### Archive

Archive for the ‘software’ Category

With kind support of the Medialab foundation and Jan Šedivý, we are looking hard for students in Prague to work with us on a summer internship! We actually have two options for you:

• eClub Summer Camp (main option) – we have some ambitious projects and ideas for you to try out if you are excited by machine learning, big data and artificial intelligence. Exploratory, exciting, state-of-art research without required previous in-depth knowledge! (Just good basic math and programming.)
• Summer Job (auxiliary option, full-time coder) – we need help polishing the edges of some of our projects, seeking students that are skilled programmers.

We are mainly affiliated with FEL CVUT, but we also have students from MFF UK and we’ll welcome students from other Czech universities too. As long as you are a competent programmer, want to do something more than yet another Android game, and willing to come in person three times a week – let’s do something groundbreaking together!

Categories: Tags:

## YodaQA Grand Challenge!

Recently, the YodaQA team is collaborating with Falk Pollok from RWTH Aachen who is interested in using Question Answering in education to help people digest what they have learned better and to generally assist with studying. To this end, he has created PalmQA – a QA application that multiplexes between many question answering backends, ensembling them together to a more accurate system.

Falk has built backends for IBM Watson’s DeepQA among others (Google, Evi, Kngine and MIT’s Start), but in the end, the combination of YodaQA and Wolfram Alpha is “a match made in heaven,” as Falk said in an email a short while ago.

As a finishing touch to his work (being submitted as a diploma thesis), Falk made a Grand Challenge – letting an independent third party make a list of 30 factoid questions of varying difficulty, and pitching the PalmQA against a wide variety of humans. Perhaps not quite as dramatic or grandiose as IBM Watson’s Jeopardy participation, but still a nice showcase of where we are now.

Well, PalmQA did great! 26 people competed, and typically could get about 15 out of the 30 right. The best human answered 24 questions correctly. But no matter – PalmQA managed to answer 25 out of 30 questions right!

So, in this challenge, Falk’s ensemble-enhanced YodaQA beats the best human!

As mentioned above, PalmQA offers integration of YodaQA with Wolfram Alpha, Google QA, MIT’s Start, Amazon’s Evi and Kngine. We hope to merge this ensembling system into the YodaQA project in the future!

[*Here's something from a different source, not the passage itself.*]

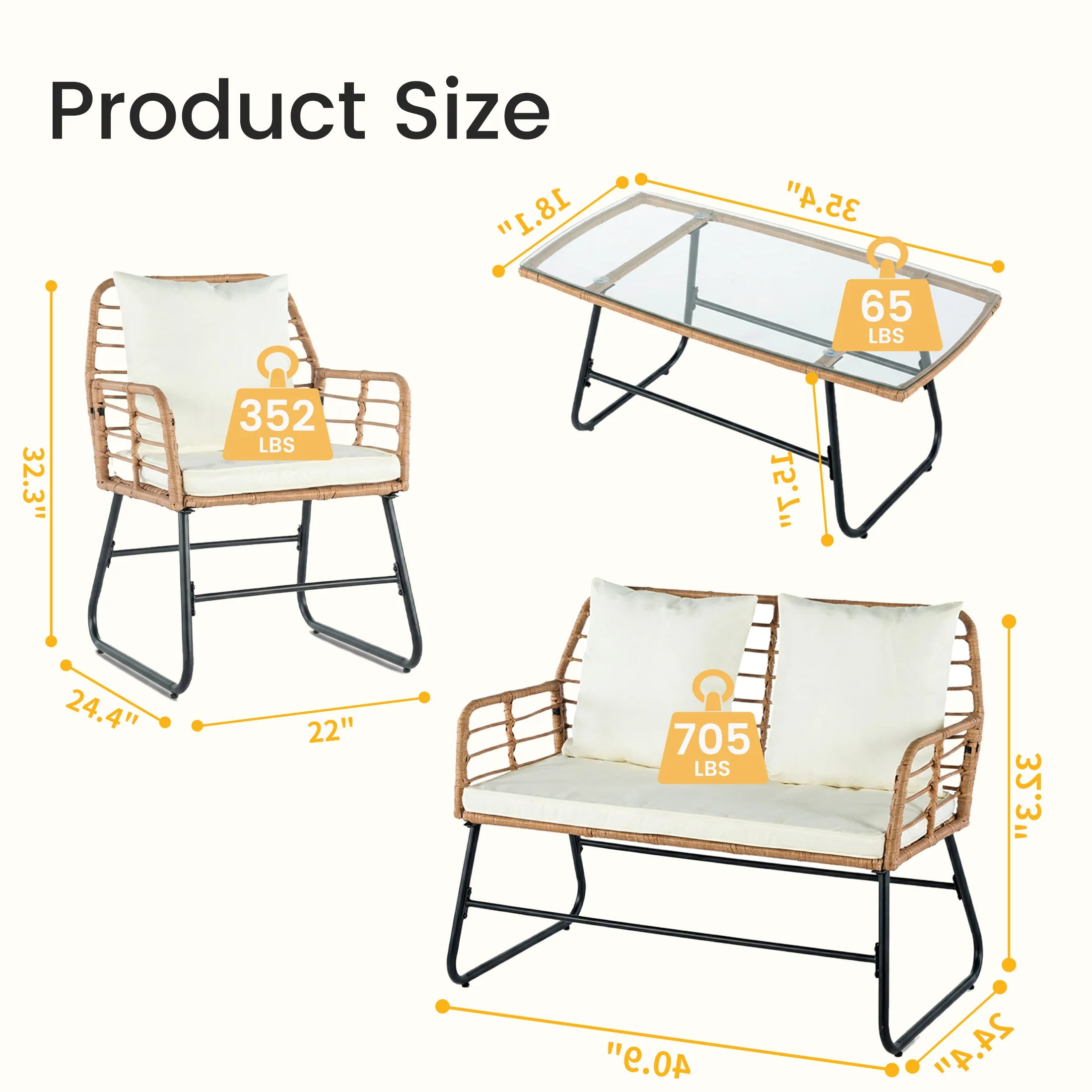 Wicker Patio  Set 4 Pieces with Soft Cushion and Glass Table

I also entered just plain YodaQA into the Grand Challenge, in the configuration that’s running at live.ailao.eu right now. It got 18 questions right, still better than an average human! If we also included purely “computational” questions (algebra, unit conversions) that YodaQA just isn’t designed to answer (it’s still essentially a search engine), that’d make 24 questions out of 30. Pretty good!

See the Grand Challenge Github issue for more info. We should get the complete details of the challenge, comparisons to other public QA engines (like Google) etc. in Falk’s upcoming thesis.

This is how the plain YodaQA fared:

Question Text correct found
What is the capital of Zimbabwe? Harare Harare
Who invented the Otto engine? Nikolaus Otto Nikolaus Otto
When was Pablo Picasso born? 1881 1881
What is 7*158 + 72 – 72 + 9? 1115 78.182.71.65 78
Who wrote the novel The Light Fantastic? Terry Pratchett Terry Pratchett
In which city was Woody Allen born? New York New York
Who is the current prime minister of Italy? Matteo Renzi Matteo Renzi
What is the equatorial radius of Earth’s moon? 1738 the Moon and Su
When did the Soviet Union dissolve? 1991 1991
What is the core body temperature of a human? 37 Bio 42 and cour
Who is the current Dalai Lama? Tenzin Gyatso Tenzin Gyatso
What is 2^23? 8388608 the Gregorian c
Who is the creator of Star Trek? Gene Roddenberr Gene Roddenberr
In which city is the Eiffel Tower? Paris Paris
12 metric tonnes in kilograms? 12 *000 SI
Where is the mouth of the river Rhine? the Netherlands the Netherlands
Where is Buckingham Palace located? London London
Who directed the movie The Green Mile? Frank Darabont Frank Darabont
When did Franklin D. Roosevelt die? 1945 1945
Who was the first man in space? Yuri Gagarin Yuri Gagarin
Where was the Peace of Westphalia signed? Osnabrück France
Who was the first woman to be awarded a Nobel Priz Marie Curie Elinor Ostrom
12.1147 inches to yards? 0.3365194444 CUX 570 17 577
What is the atomic number of potassium? 19 19
Where is the Tiananmen Square? China China
What is the binomial name of horseradish? Armoracia Rusti Armoracia Rusti
How long did Albert Einstein live? 76 Germany
Who earned the most Academy Awards? . Walt Disney Jimmy Stewart
How many lines does the London Underground have? 11 Soho Revue Bar
When is the next planned German Federal Convention 1850
Categories: Tags:

## YodaQA learned to tweet

April 4th, 2016 1 comment

Guest post by Petr Marek (source)

YodaQA learned how to use twitter during easter holidays. You can ask it by sending tweet with question to @askYodaQA . YodaQA will answer you shortly. How is it possible? I created app in the Google’s App Script, which handles receiving question from twitter and answering them.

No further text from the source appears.